Шхуну вытащили на берег, законсервировали на зиму. Когда корпус высох, почистили его от нароста. Ни одна доска не сгнила и не треснула, ремонт не требовался. По весне проконопатим и просмолим ее заново.
35
Мы опять стоим на якоре возле Тендровской косы. В Днепр заходить еще вроде бы рано, а сидеть в Херсоне мне стало скучно. Шхуна, законопаченная и просмоленная, лениво покачивается на маленьких волнах в ста метрах от берега. На него сходим только, чтобы развесить на шестах рыбу для вяления. Заготавливаю такую для себя. Будем есть в открытом море. Остальную засаливаем на продажу. Со мной тот же экипаж, только новые матрос грек Эвридам, нанятый вместо Семена, который оставлен с бабами на вилле копаться на грядках, повариха Мила вместо Вали и ее сын, нареченный мною Саввой, в качестве юнги. Гунны пока не появлялись. Или не знают о нас, или не обращают внимание. А вот я решил посмотреть, как они живут. Уж больно мне это место приглянулось, не хотелось делить его с опасными соседями.

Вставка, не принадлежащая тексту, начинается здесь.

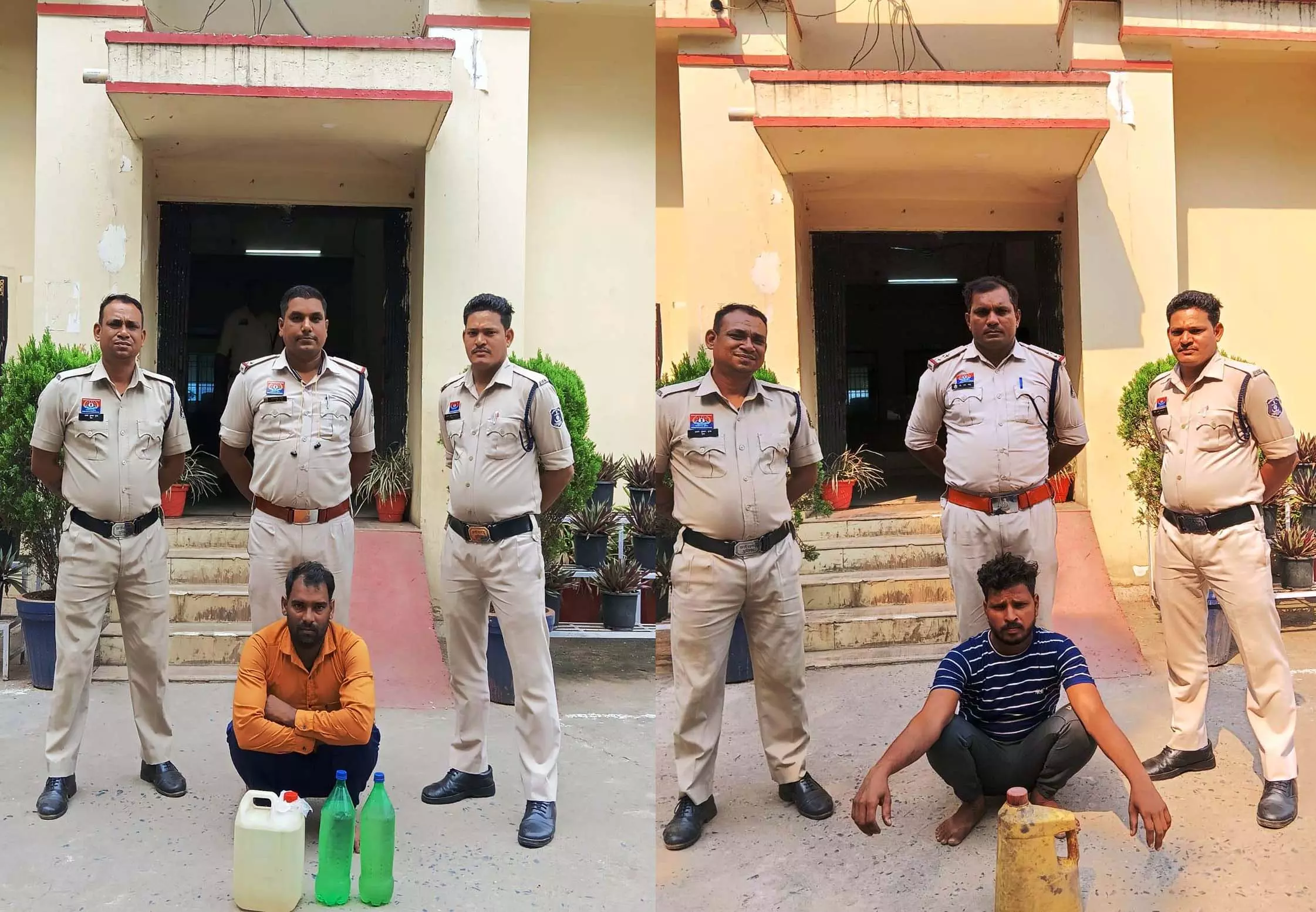 चक्रधरनगर पुलिस की ताबड़तोड़ कार्रवाई, तीन आरोपियों से 25 लीटर महुआ शराब जब्त चक्रधरनगर पुलिस की ताबड़तोड़ कार्रवाई, तीन आरोपियों से 25 लीटर महुआ शराब जब्त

Отправился на разведку вечером, взяв с собой скифов и готов. Из брони одели только шлемы и кольчуги, чтобы быстрее передвигаться, в том числе удирать. Пристали к берегу на шлюпке в том месте, где лесок подходил почти к воде. Лодку не берег не вытаскивали, привязали к стволу деревца. Скифы не забыли, где в прошлом году видели гуннов, повели нас уверенно. Меня не переставала удивлять их способность хорошо ориентироваться ночью в степи. Трехэтажка, в которой я вырос, имели подвал с сараями для угля, ведь квартиры отапливались угольными печками. В подвале электрические лампочки надолго не задерживались, поэтому там всегда было темно, сухо и тепло, потому что там проходили трубы водяного отопления. Пацанами мы проводили в подвале много времени. Покурить, в карты поиграть да и просто пересидеть холодную погоду. Поэтому темноты я не боялся, хорошо в ней видел и перемещался. Но мне было далеко до скифов. Отправился в разведку потому, что они сказали, будто здесь гунны живут оседло, не в кибитках. А почему? Или это не гунны?